L’impatto di Tonali e il rebus sul futuro di Richarlison
L’allenatore italiano non ha nascosto la propria soddisfazione per il lavoro svolto dal gruppo durante il ritiro ed è stato chiaro nel descrivere le sue sensazioni: “Sono soddisfatto di molte cose. Abbiamo vissuto dieci giorni molto importanti, lavorando con intensità e qualità. Sono felice di allenare questi ragazzi e non vedo l’ora di riavere a disposizione anche i giocatori che stanno rientrando dagli impegni del Mondiale”. Oltre ad elogiare Tonali per la rete del momentaneo vantaggio, De Zerbi ha affrontato con estrema serietà e trasparenza il tema relativo al futuro di Richarlison, autore del gol vittoria ma al centro di diverse indiscrezioni di mercato: “Come calciatore e come persona è straordinario. Il suo atteggiamento è sempre impeccabile, ma dobbiamo rispettare le sue intenzioni. A volte dice di voler restare, altre di voler partire. Ci confronteremo con tranquillità, senza alcun problema”.
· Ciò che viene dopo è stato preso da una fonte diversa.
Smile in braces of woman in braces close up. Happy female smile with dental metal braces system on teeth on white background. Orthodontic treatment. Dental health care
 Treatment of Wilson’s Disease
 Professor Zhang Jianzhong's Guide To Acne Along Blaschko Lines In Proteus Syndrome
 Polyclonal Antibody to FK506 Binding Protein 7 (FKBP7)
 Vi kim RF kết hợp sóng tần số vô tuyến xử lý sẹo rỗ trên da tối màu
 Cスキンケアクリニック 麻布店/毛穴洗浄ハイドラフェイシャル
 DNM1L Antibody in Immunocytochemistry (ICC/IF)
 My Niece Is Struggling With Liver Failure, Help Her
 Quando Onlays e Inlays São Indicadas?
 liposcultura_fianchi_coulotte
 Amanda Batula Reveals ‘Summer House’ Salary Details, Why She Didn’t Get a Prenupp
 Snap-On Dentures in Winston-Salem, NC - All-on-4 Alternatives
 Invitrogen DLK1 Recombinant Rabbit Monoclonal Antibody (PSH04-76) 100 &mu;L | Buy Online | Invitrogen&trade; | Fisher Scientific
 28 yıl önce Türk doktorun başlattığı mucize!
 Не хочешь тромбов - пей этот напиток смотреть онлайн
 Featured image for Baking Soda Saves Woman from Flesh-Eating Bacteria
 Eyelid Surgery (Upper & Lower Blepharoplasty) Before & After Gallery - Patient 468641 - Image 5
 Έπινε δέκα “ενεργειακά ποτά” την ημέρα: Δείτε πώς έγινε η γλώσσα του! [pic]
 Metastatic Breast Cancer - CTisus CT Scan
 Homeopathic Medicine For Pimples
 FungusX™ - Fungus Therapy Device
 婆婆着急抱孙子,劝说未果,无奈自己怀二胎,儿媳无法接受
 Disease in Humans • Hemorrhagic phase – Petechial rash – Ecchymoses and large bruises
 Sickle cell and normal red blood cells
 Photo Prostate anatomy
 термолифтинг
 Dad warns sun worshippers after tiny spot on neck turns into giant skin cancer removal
Mentalità e carattere: la strada per la nuova stagione
Un aspetto cruciale evidenziato dal tecnico riguarda l’atteggiamento mostrato in campo, con gli Spurs capaci di superare il Chelsea nonostante l’inferiorità numerica protrattasi per tutto il secondo tempo dopo il cartellino rosso rimediato da Kevin Danso. De Zerbi ha ribadito quanto questo spirito sia fondamentale per il percorso di crescita della squadra: “È questo il carattere che voglio vedere anche in Premier League. Dobbiamo cambiare mentalità rispetto alle ultime due stagioni: serve vincere i duelli, conquistare le seconde palle e giocare con qualità in ogni zona del campo”.